In the records below, find the line with "唇色亦可偏紅，懶一點加少少透明唇彩便足夠", then copy each line exactly until you have copied the line with "From Heraklion: Historical". Leave any picture out.

Provided data:
BEGIN
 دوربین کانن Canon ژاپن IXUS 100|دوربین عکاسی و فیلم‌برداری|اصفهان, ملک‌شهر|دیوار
END
BEGIN
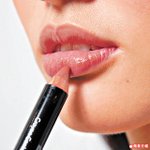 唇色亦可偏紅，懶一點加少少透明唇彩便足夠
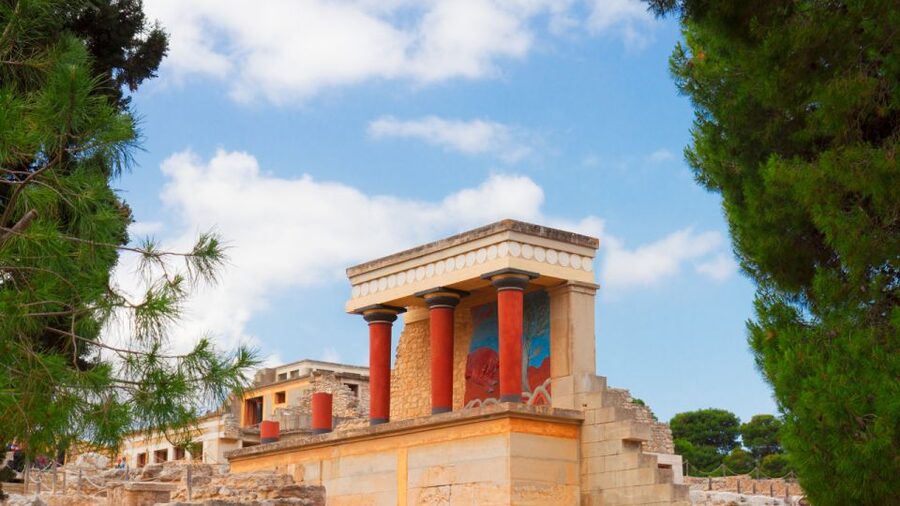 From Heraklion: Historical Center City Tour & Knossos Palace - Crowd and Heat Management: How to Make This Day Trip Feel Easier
END
BEGIN
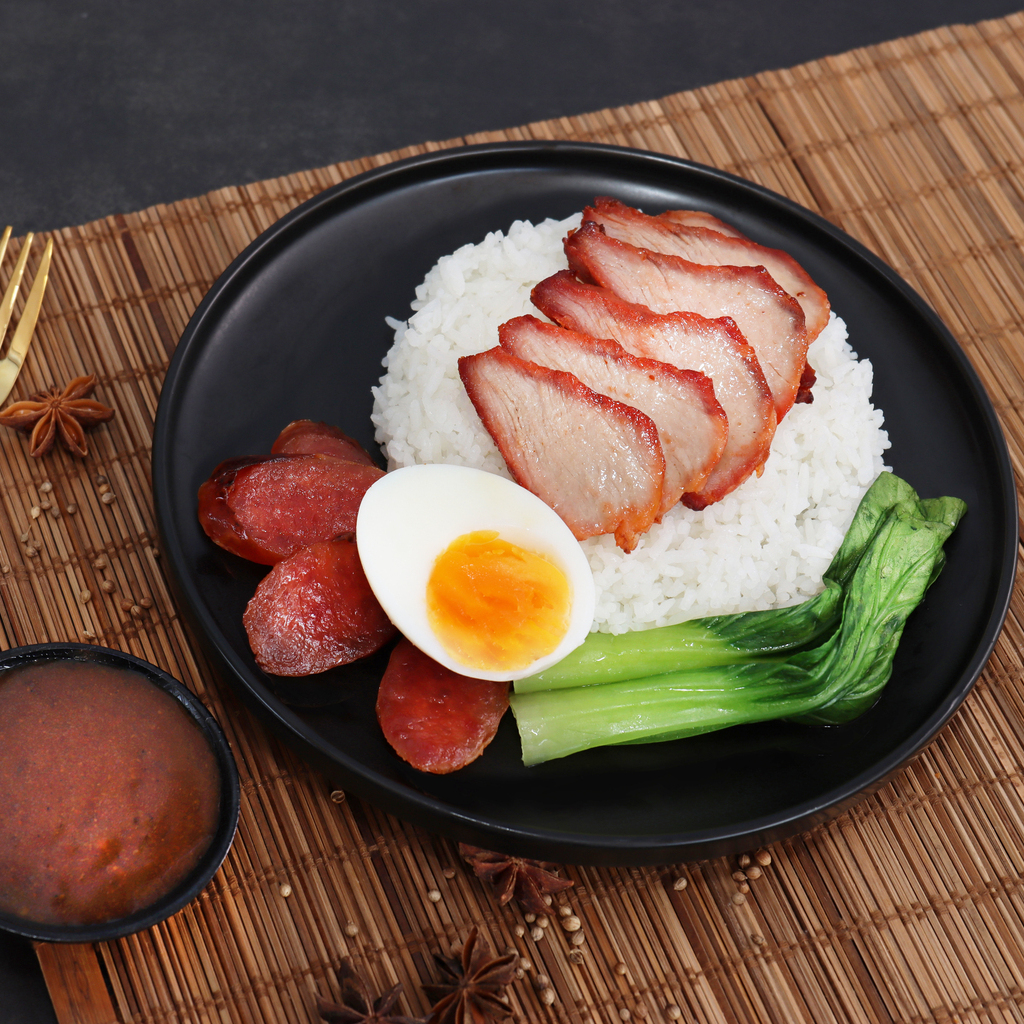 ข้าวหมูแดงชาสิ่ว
END
Result below:
 唇色亦可偏紅，懶一點加少少透明唇彩便足夠
 From Heraklion: Historical Center City Tour & Knossos Palace - Crowd and Heat Management: How to Make This Day Trip Feel Easier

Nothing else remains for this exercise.